• [Supplied data]:
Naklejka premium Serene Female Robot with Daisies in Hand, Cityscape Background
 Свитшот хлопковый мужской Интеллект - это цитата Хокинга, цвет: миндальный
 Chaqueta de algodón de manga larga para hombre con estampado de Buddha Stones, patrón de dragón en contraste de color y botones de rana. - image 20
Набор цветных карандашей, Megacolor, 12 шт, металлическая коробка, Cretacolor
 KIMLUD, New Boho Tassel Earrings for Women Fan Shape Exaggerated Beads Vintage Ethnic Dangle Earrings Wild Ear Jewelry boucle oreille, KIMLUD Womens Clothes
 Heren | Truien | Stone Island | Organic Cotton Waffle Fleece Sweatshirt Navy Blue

• [Problem requirements]:
Only the lines from the one containing "Chaqueta de algodón" through the final line above should be duplicated, exactly as they stand.

• [Result]:
 Chaqueta de algodón de manga larga para hombre con estampado de Buddha Stones, patrón de dragón en contraste de color y botones de rana. - image 20
Набор цветных карандашей, Megacolor, 12 шт, металлическая коробка, Cretacolor
 KIMLUD, New Boho Tassel Earrings for Women Fan Shape Exaggerated Beads Vintage Ethnic Dangle Earrings Wild Ear Jewelry boucle oreille, KIMLUD Womens Clothes
 Heren | Truien | Stone Island | Organic Cotton Waffle Fleece Sweatshirt Navy Blue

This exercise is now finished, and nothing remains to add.